### Task brief
Go to the line containing "Neymar brilha no" and retype it and every later line exactly as written, up to the last line of the entries. Keep pictures out.
########################################
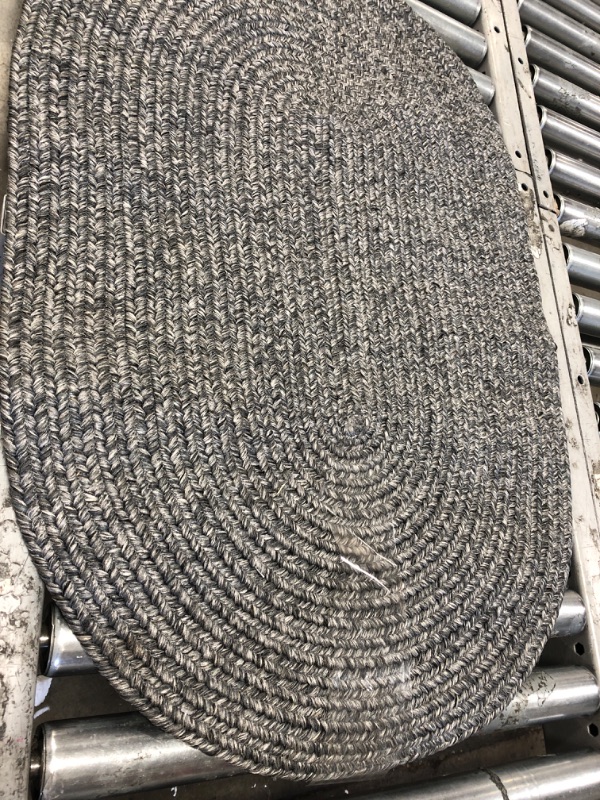 Photo 1 of 23" x 35" Braided Rug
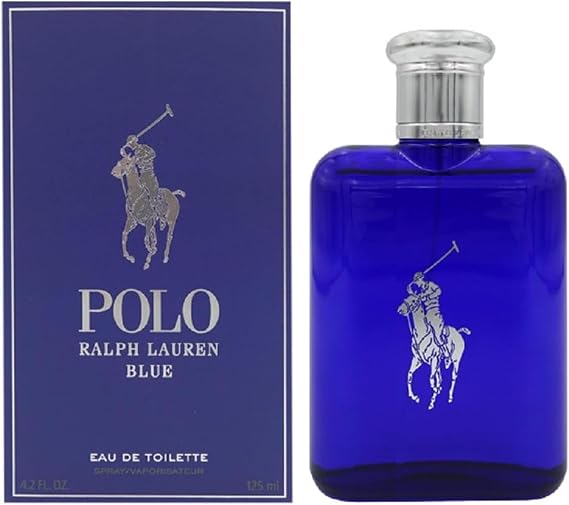 Polo Ralph Lauren Polo, Blue, 4.2 fl oz 125 ml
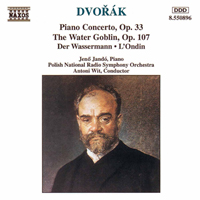 Jeno Jando - Antonin Dvorak - Piano Concerto in g-moll, Op. 33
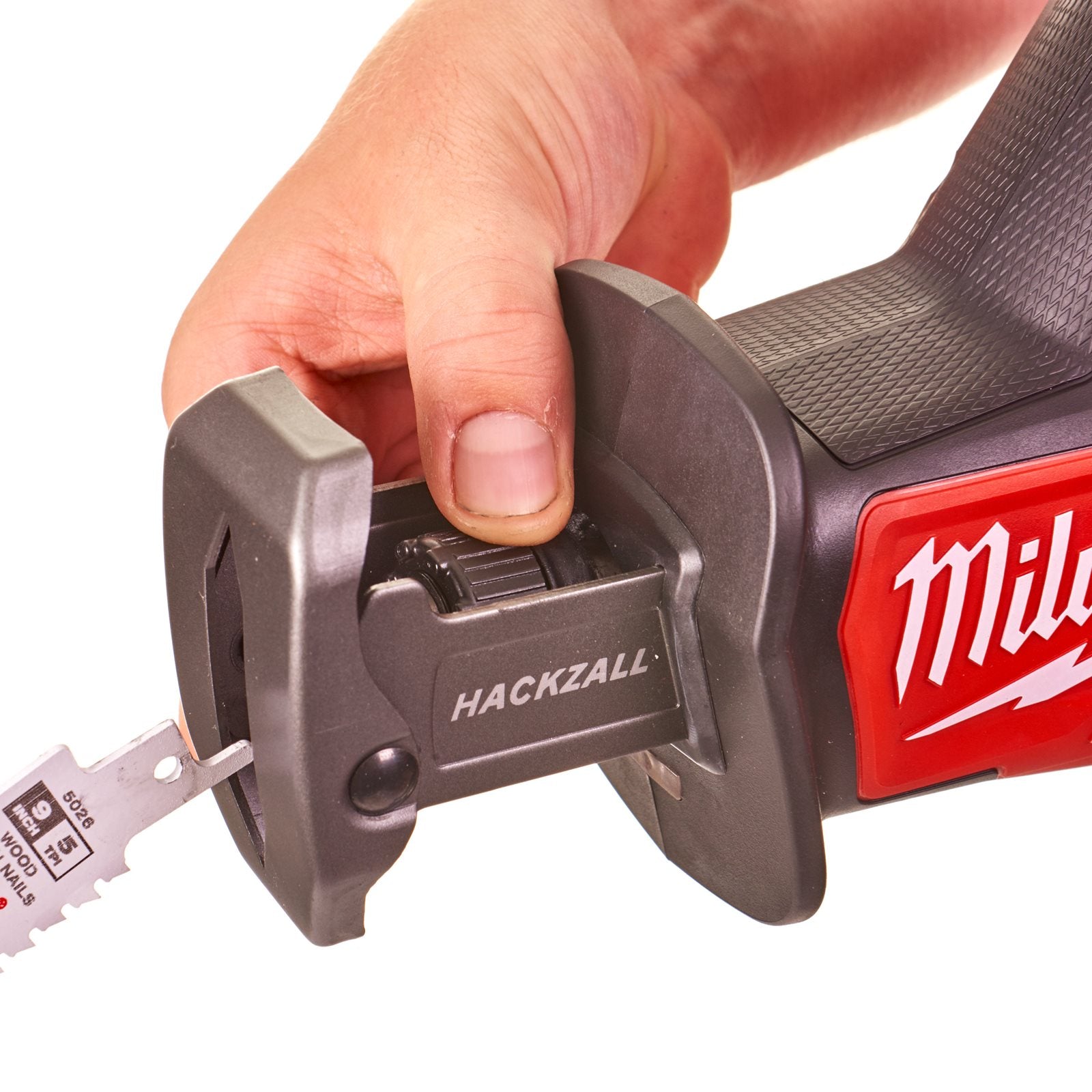 Milwaukee Akku-Säbelsäge M18 FHZ-0X (Hublänge: 22 mm, Leerhubzahl: 0-3000 U/min, ohne Akku in HD Box)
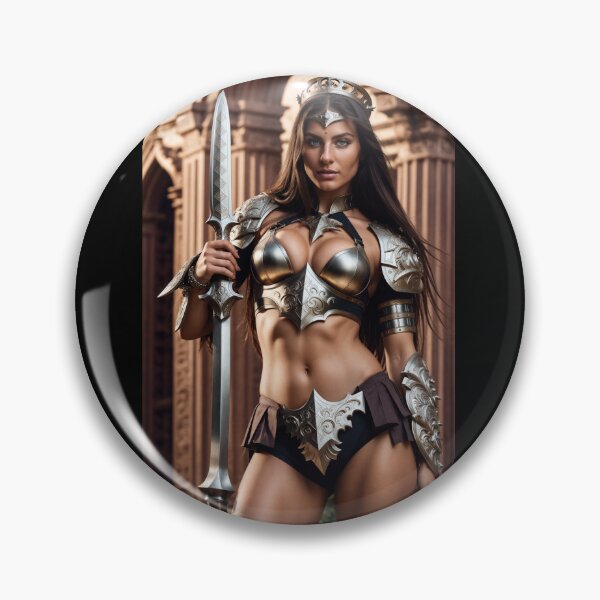 Item preview, Maiden in Silver platemail designed and sold by ARoccoArt.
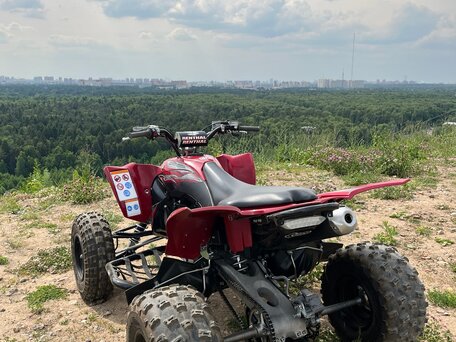 2013 Yamaha YFZ 450, красный, 1020000 рублей, вид 5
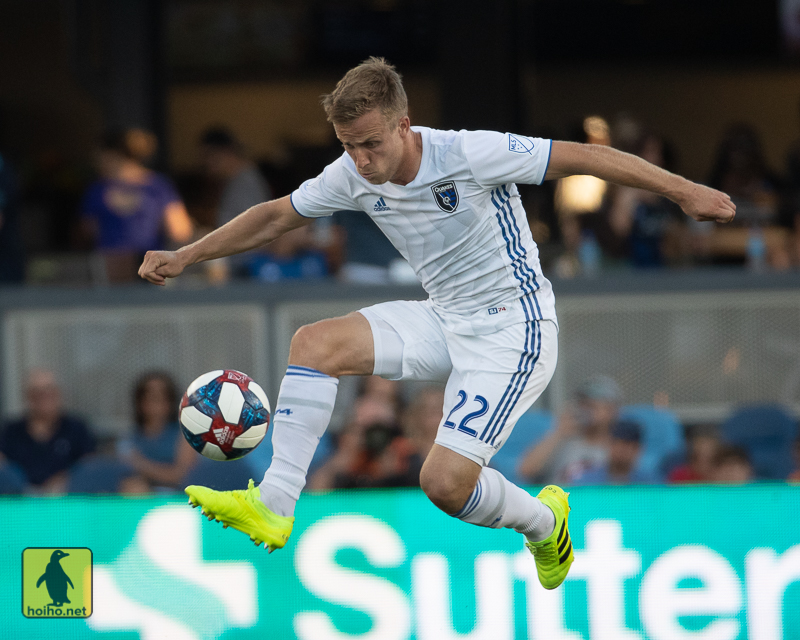 7-29-19 - Quakes - Alex Ho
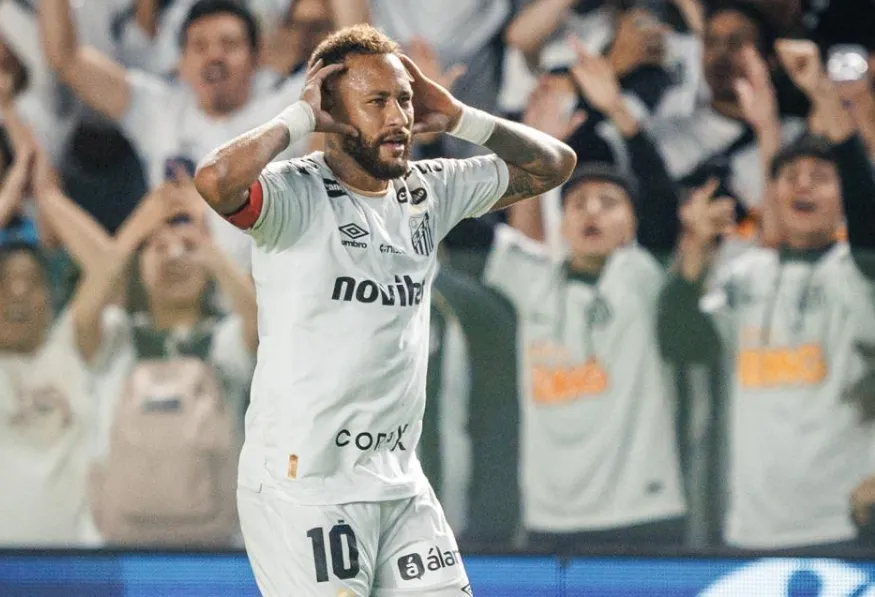 Neymar brilha no retorno e garante empate emocionante entre Santos e Chapecoense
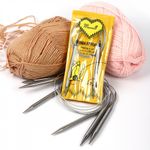 Набор круговых спиц Maxwell Gold 4 шт длина 100см 7-8-9-10мм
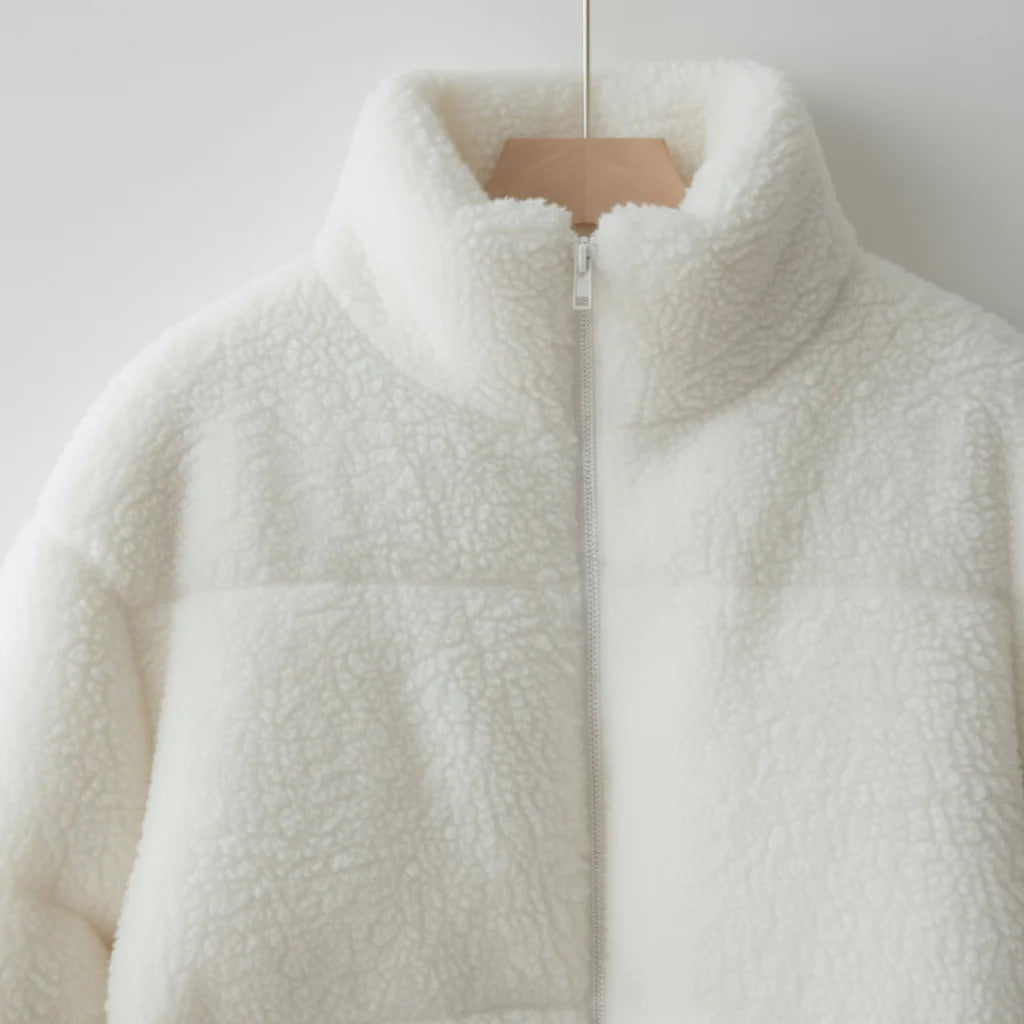 The Fleece Puffer Jacket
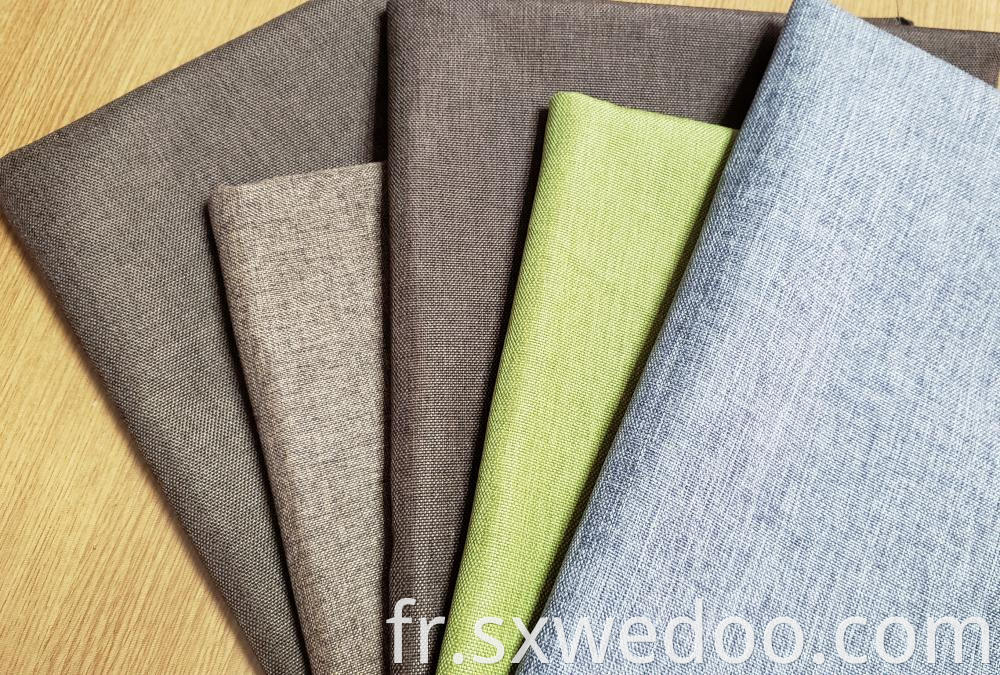 Polyester Linen Fabric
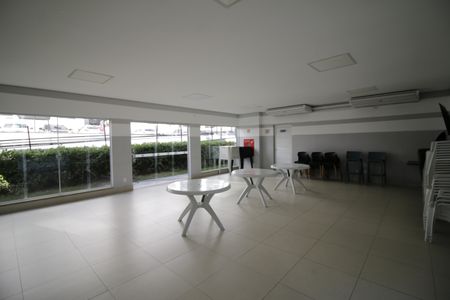 Apartamento à venda com 55m², 2 quartos e 1 vagaÁrea comum - Salão de festas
########################################
### Finished exercise
 Neymar brilha no retorno e garante empate emocionante entre Santos e Chapecoense
 Набор круговых спиц Maxwell Gold 4 шт длина 100см 7-8-9-10мм
 The Fleece Puffer Jacket
 Polyester Linen Fabric
 Apartamento à venda com 55m², 2 quartos e 1 vagaÁrea comum - Salão de festas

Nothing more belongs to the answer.